Tangents/Bitangents for spherical cube
I am playing around with planet rendering (again), and have hit a weird bug to do with normal mapping.
My normals are continuous across the sphere:
But my tangents are not:
And nor are my bitangents:
Which leads to a normal-mapped result like this:
The sphere is really an exploded cube, which explains why only a certain face has trouble, but I can't for the life of me find the error.
I have made sure that the tangents and bitangents lie along the texture U,V coordinates (which are tested to be correct), and have tried all combinations of rotating/flipping the tangents and bitangents on the affected faces.
If anyone has any ideas, they would be most welcome!
It is a known topological fact that you can't have a non-vanishing continuous tangent field on a sphere.

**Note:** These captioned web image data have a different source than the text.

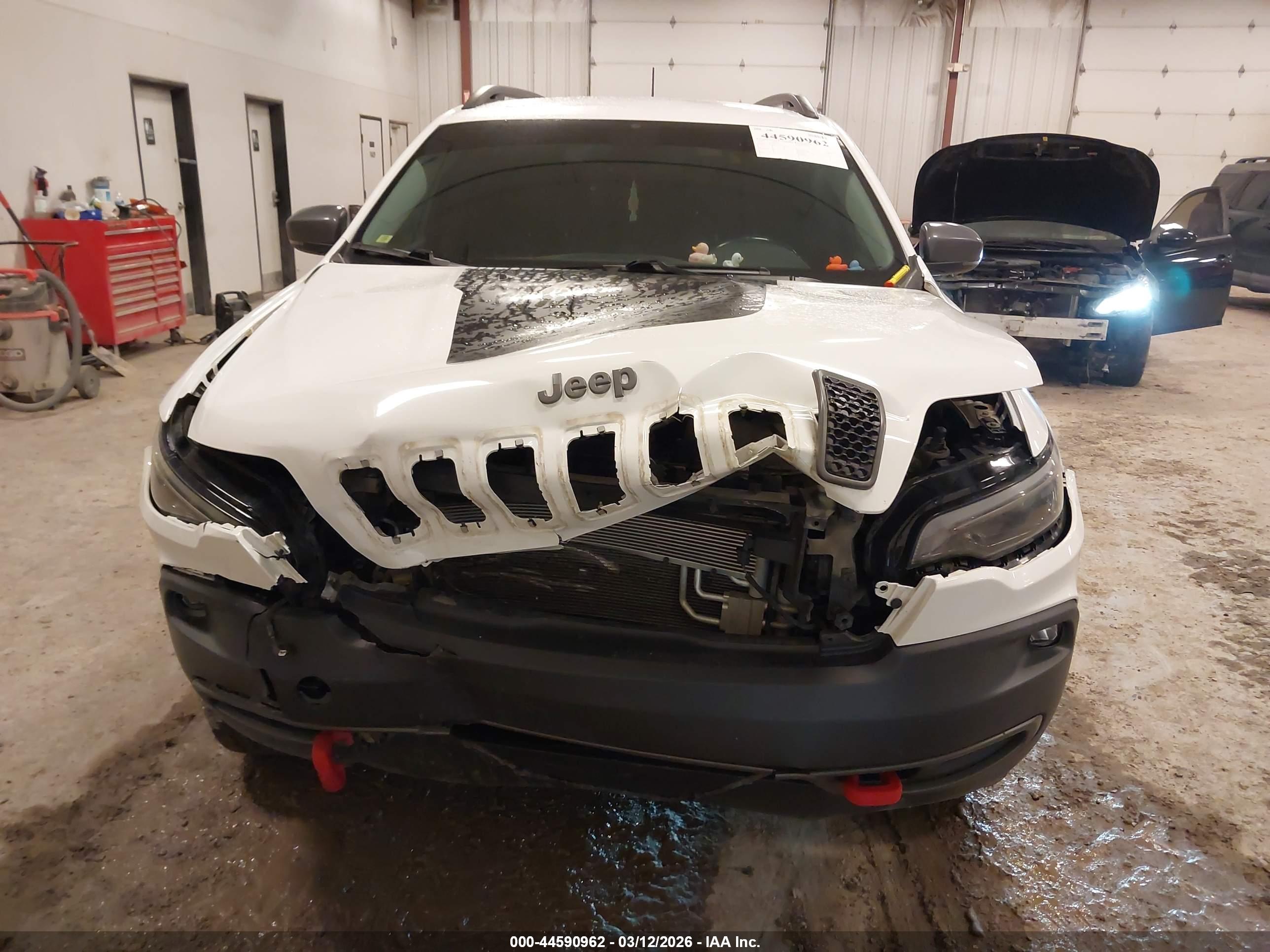 JEEP CHEROKEE image 6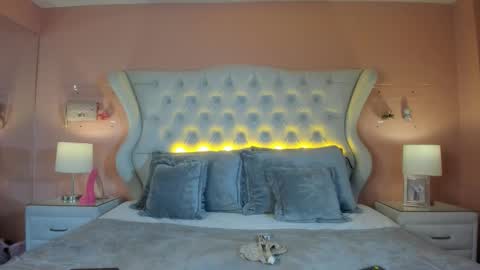 Y E S I online show from 03/24/26, 07:19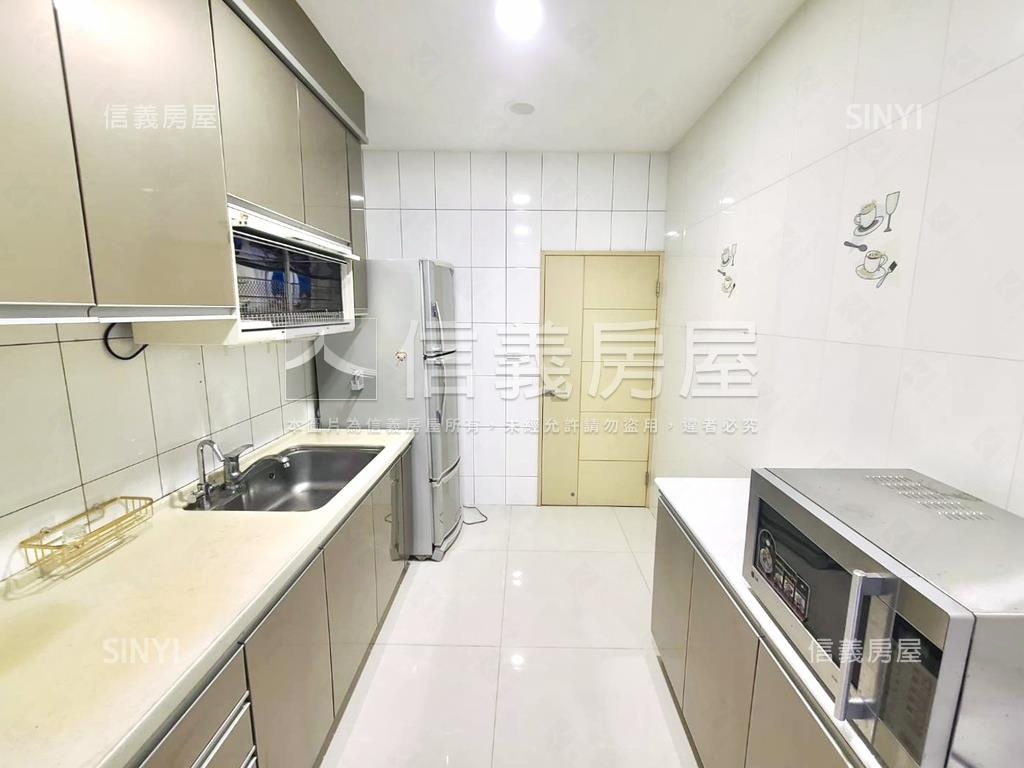 莊敬·陽光邊間美寓三房房屋室內格局與周邊環境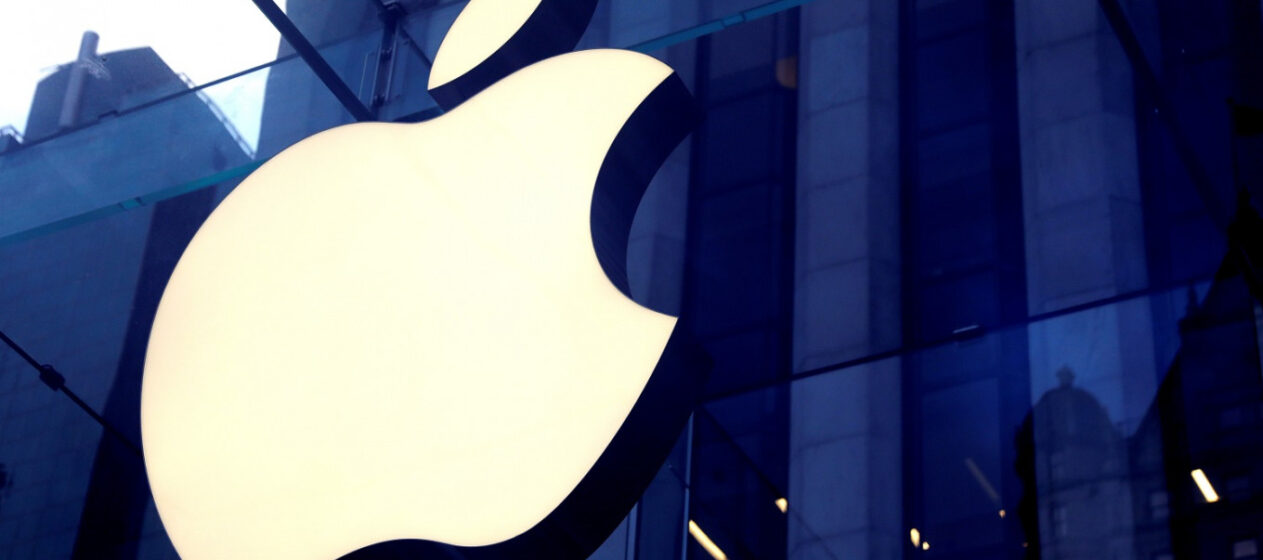 Apple Becomes First Company To Hit $3 Trillion Market Value, Then Slips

There's going to be a problem somewhere, so you have to decide how to divide the surface up into different regions where the tangent field is locally continuous, but you will always have seams between the regions.
Quote:Original post by Eric LengyelUnderstood, and seams I can deal with. However, it looks like I have entire faces that have flipped tangents/bitangents, and I think this should be correctable.
It is a known topological fact that you can't have a non-vanishing continuous tangent field on a sphere. There's going to be a problem somewhere, so you have to decide how to divide the surface up into different regions where the tangent field is locally continuous, but you will always have seams between the regions.
The texture coordinates of the sphere match the OpenGL cubemap layout, and they seem to be correct. The tangents/bitangents definitely match the s/t texture coordinates, so each face should be correctly lit, even if there are seams.
All right, the problems seem to run deeper than I realised. A quick question:
If my tangent space basis is correct, should the light direction - once it has been transformed into tangent space - be continuous?
My intuition says yes, but this series of images says no (light vector transformed into tangent space, as rgb: front-left, front-right, rear-right, rear-left):
Now, obviously we can't have continuous tangents/bitangents over a sphere, as Eric pointed out. But if we ignore for a moment that this looks spherical, it is in fact a cube (which has been expanded). And it is certainly possible to normal map a cube - I have it mostly working here, except for the problem in the tangent space transform.
Do you think this is just a case that my s,t texture coordinates are screwy, or is there something deeper wrong here?
[Edited by - swiftcoder on May 25, 2008 2:09:42 PM]
If my tangent space basis is correct, should the light direction - once it has been transformed into tangent space - be continuous?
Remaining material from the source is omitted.